Recent changes in corporate governance require firms to maintain boards with a majority of outside independent directors. The belief seems to be that outside independent directors will strengthen corporate boards by monitoring the actions of management and ensuring that management decisions are made in the best interests of the stockholders. This belief, however, may be founded on an assumption that has its roots in public perception and not in fact. The purpose of this paper is to determine whether or not outside independent directors strengthen corporate boards.
Five areas within corporate boards of directors, including board composition, CEO duality, audit committees, compensation committees and nominating committees, are examined. The results of studies aimed at discerning the effects that outside independent directors have on increased firm performance and shareholder wealth through strong corporate governance are discussed.
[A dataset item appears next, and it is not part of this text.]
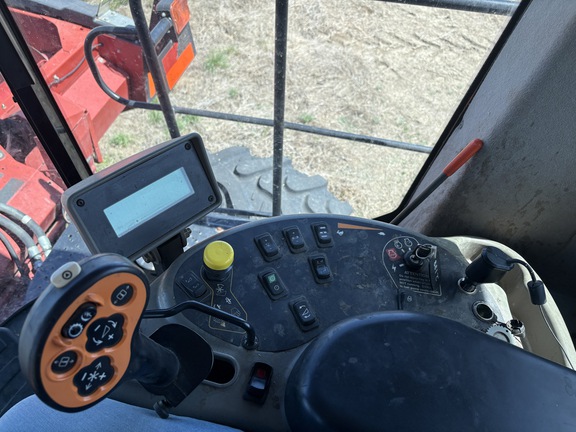2012 Case IH WD1203 Windrower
The conclusion reached is that outside independent directors do appear to strengthen corporate boards; however, more needs to be done to reestablish the market's confidence in corporate America's ability to effectively govern itself.
Best practices are discussed that can assist corporate boards in fulfilling their responsibilities to shareholders in monitoring and controlling the actions of management.
This paper is of value to management of firms, corporate directors, and investors. It demonstrates that the presence of outside independent directors alone will not solve the deficiencies exposed in corporate boardrooms. It also highlights the fact that more needs to be done to change the environment in which corporate boards operate in order to better protect shareholder interests.